And to be honest, right now, the average order value is not only EUR 10,000. As I just checked in the morning, we have EUR 11,800. So we are increasing day by day, to be honest. Want to take over?

Laura Vogelsang
Member of the Management Board, The Platform Group AG

Yeah, as you can see here, so this is a selection of the assortment from Chronext. And as Dominik already said, a lot of our Fashionette customers or Winkelstraat customers are very used to fashion and luxury, as well as to watches, yeah, as well.

And so we are also starting not only putting vintage bags on the Fashionette website or the Winkelstraat website. We are already started to put also the watches on the website and do some co-content creation because we are convinced that we are addressing and targeting the same customer group and hopefully can therefore decrease a bit more individual marketing expenses and increase our working together and our selling points for the customers. And also here, Chronext is a bit more focused on the male business, and they're hoping more access to the female customer group with Fashionette. And on the other hand side, we are hoping the same on the other hand side or vice versa. And I think this is a really good fit as well. Yeah.

Frederik Borchers
Company Representative, The Platform Group AG

What also is a very, very big point, to be honest, since three years, I think everybody knows the main watch business is just decreasing day by day and also year by year. But this year will be the first year where we see that we are increasing the value chain, especially for Rolex, Patek, and some different other companies, which are right now generating and also increasing their value. How does it work? Especially due to the fact that we are implementing Certified Pre-Owned in our business, and Certified Pre-Owned is right now coming day by day even more into the jewelry stores. Also in Wiesbaden, a very small jewelry store, it's called Eppler. Eppler just opened the first time Certified Pre-Owned, and we are already in contact with them.

Then we can just sell those watches directly through Chronext, and we are just accelerating that business directly through e-commerce because they're not visible online. Nobody just can sell the watch. And how do I say? The physical store is not generating that much revenue if you sell it online. And through Chronext, we are selling worldwide nearly.
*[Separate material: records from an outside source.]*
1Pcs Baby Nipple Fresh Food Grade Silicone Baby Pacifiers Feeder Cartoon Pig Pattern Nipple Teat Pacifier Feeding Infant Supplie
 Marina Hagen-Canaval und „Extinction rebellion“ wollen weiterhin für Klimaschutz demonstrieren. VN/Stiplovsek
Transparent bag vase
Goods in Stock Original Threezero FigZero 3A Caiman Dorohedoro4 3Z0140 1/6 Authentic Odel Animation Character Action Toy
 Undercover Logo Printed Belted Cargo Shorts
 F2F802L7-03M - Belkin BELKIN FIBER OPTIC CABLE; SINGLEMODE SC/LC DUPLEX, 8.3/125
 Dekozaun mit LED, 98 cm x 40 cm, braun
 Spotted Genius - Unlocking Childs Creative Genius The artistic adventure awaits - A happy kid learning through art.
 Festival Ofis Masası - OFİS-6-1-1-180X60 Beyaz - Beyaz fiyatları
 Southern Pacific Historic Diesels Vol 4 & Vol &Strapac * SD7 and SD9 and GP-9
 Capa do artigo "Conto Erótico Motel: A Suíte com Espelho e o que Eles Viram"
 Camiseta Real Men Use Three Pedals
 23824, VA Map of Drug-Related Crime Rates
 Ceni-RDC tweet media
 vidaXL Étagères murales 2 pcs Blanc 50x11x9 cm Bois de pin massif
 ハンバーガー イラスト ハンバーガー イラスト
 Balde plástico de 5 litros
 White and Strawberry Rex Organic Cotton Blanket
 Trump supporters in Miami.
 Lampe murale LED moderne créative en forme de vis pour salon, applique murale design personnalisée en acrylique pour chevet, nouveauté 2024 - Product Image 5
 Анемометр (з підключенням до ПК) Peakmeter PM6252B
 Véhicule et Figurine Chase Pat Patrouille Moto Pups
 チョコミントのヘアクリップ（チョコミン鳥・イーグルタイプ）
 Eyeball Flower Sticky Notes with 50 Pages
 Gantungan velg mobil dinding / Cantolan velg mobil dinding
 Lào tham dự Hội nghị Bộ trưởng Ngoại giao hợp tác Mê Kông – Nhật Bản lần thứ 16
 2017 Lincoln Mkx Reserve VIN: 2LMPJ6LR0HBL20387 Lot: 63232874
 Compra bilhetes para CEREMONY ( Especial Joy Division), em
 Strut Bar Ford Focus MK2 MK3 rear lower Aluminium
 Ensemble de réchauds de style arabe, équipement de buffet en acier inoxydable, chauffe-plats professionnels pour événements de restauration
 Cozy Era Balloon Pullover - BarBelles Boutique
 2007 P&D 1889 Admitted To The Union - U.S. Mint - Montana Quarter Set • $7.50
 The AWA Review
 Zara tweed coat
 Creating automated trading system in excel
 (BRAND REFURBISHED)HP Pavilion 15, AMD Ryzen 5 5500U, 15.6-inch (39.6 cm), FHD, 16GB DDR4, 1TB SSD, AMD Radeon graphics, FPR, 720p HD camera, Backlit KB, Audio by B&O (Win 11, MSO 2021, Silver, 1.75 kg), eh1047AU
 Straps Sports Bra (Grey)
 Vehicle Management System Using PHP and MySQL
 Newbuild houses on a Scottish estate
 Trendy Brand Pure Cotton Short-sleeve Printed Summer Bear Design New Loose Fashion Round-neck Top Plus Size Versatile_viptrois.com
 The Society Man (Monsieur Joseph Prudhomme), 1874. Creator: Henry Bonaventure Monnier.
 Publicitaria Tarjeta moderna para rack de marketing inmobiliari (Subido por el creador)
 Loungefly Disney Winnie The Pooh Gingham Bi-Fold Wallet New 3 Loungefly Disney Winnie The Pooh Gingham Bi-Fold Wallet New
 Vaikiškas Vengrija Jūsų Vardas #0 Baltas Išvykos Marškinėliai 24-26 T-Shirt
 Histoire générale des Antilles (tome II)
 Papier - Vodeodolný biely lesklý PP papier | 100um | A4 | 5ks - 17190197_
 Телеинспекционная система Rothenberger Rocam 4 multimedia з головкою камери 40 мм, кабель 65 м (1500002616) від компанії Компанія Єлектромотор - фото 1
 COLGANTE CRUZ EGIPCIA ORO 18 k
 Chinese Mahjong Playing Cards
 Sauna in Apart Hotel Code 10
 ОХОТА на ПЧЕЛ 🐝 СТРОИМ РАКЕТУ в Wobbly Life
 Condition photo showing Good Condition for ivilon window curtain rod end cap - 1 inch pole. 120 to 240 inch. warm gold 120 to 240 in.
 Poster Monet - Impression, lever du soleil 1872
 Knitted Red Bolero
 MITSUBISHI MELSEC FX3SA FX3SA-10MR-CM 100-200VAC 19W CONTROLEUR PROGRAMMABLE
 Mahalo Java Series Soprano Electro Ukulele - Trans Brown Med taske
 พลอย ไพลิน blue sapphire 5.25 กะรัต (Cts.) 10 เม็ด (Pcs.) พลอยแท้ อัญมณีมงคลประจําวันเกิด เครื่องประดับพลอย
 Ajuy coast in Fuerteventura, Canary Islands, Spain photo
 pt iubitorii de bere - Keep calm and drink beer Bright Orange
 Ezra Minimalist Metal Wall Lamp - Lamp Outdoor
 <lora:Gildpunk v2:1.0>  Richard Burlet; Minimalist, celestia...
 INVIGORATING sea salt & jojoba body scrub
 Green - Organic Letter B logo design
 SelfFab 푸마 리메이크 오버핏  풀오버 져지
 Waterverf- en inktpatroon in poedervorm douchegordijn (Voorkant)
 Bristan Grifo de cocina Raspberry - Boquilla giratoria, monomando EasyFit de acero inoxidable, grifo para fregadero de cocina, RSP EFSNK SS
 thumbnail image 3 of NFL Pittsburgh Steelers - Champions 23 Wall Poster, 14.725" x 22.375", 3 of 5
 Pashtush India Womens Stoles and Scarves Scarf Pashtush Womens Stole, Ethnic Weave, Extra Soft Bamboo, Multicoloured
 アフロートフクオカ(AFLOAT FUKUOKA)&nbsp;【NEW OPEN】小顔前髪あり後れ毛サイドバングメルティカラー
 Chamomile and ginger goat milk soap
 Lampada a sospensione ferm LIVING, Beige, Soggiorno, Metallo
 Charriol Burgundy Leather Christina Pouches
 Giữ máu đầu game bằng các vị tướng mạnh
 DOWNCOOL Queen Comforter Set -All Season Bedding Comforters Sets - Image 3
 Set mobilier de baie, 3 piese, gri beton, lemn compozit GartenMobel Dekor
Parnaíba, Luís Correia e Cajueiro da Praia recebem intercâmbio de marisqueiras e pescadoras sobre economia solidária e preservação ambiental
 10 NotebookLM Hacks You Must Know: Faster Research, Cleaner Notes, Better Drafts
So maybe we give you some examples on the size of Chronext. So from the inventory side, you see the percentage here. So the majority is Rolex, and they source Rolex from different countries like Japan, like Asia, and the U.S. And on the right side, you see the locations last year, so 2024. This changed directly after we took over. And you also see that they have these watchmakers here. Könnt ihr langsamer sprechen bitte?

You see also they have their own watchmakers, and they are located in Cologne, and they make a proof of every watch which is listed or which is delivered there. And they have the certificate, which everybody gets when he buys a watch there. So this is quite different to the competitor, as Frederik already mentioned. And the global shipment, they source from more than 40 countries, and they sell into more than 100 countries worldwide. So they are quite international operating. The very good thing about Chronext is that they have a very high customer loyalty because when you buy a watch there, a used watch, you can be sure this is an original one, and it's not a trader from Italy where you don't know what's going on there. So they have a very high Net Promoter Score. So it's much higher than other competitors or other players.

They always work with the authentication, which runs pretty well. But they have one problem, and this problem always was their problem last year where they had some financial troubles because they had seven different business models in one company. That was for us a really disaster because we saw a company which was burning money, which had seven different business models in one company, and it was not structured at all. We decided to change this directly when we took it over. We made an asset deal. We don't want any risk from the company side, from the legal entity side. We said, "No, we only want to focus on two of this business. We want to focus on platforms." This is the most important thing. It was not really there. They just make it as a niche. It was not relevant.

So now we are very much focusing on a marketplace, on partner side to ramp up this business and to not expand the inventory. We want to reduce the inventory, not expand it, and focus on more and more luxury partners everywhere in Europe. And this is what we did.

Laura Vogelsang
Member of the Management Board, The Platform Group AG

Yeah, as I already said, so there is a lot of cross-listing potentials as well for Fashionette, for Brandfield, as they are specialized on watches and jewelry. A bit lower price, but there's an assortment there on their side, or we can source it there. So there is still a potential to sell it or cross-list the products on Fashionette and Brandfield. And as well as for Winkelstraat, we are now starting with a cross-listing with Fashionette and also the co-brand or co-content creator. And then we are expanding that or adding that to the other marketplace.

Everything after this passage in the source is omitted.